2.10 Obstetrical Emergencies
EMT/ADVANCED EMT STANDING ORDERS
1.0 Routine Patient Care
Expose as necessary to access for bleeding/discharge, crowning, prolapsed cord, breech, limb presentation.
Do not digitally examine or insert anything into the vagina.
Exceptions: fingers may be inserted to manage baby’s airway in breech presentation or to treat prolapsed or nuchal cord.
Place mother in left-lateral recumbent position except as noted:
Prolapsed cord:
Knee-chest position or Trendelenburg position
If only the cord has prolapsed and the presenting part has yet to go through the cervix, gently elevate the presenting part to remove pressure on the umbilical vessels to permit blood flow through cord.
PARAMEDIC STANDING ORDERS
Eclamptic Seizures
Midazolam 2 - 6 mg slow IV/IO/IM or
Midazolam 2 - 6 mg IN
Magnesium sulfate 2-4 grams IV/IO over 5 minutes
MEDICAL CONTROL MAY ORDER
Administration of additional IV Normal Saline.

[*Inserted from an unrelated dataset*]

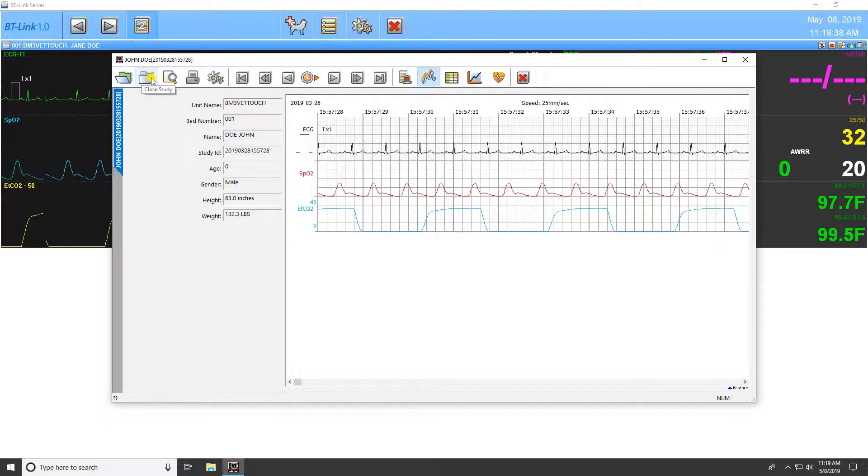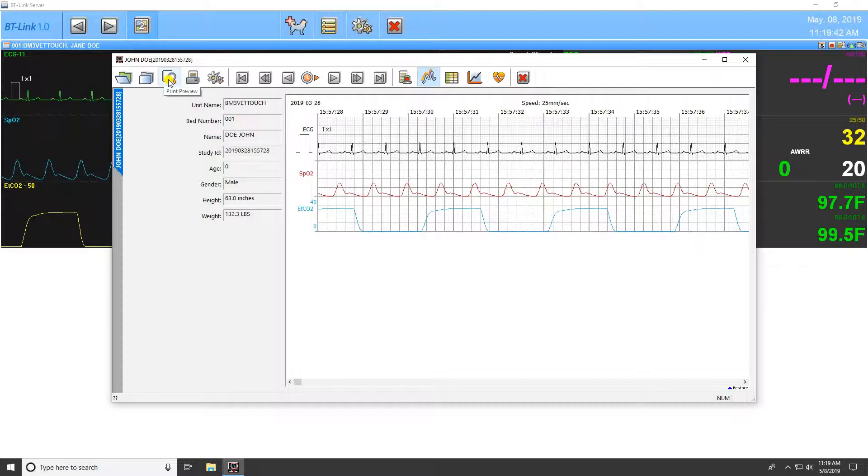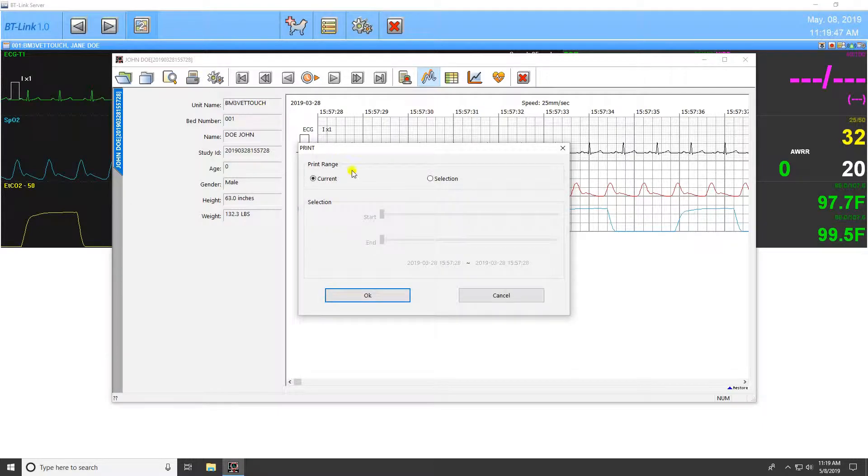The next icon closes the currently selected study. The next icon allows for a print preview of the currently selected study, and the following icon allows you to print the study.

Calcium chloride 10% 20 mg/kg IV/IO administer slowly over 5 minutes to a maximum dose of 1 gram. (Antidote for Magnesium Sulfate).
Further anticonvulsant therapy.
PEARLS:
Special Considerations in Cardiac Arrest (with additional resources)
-If the fundus height is at or above the level of the umbilicus-Manually displace the gravid uterus to the left to enhance venous return.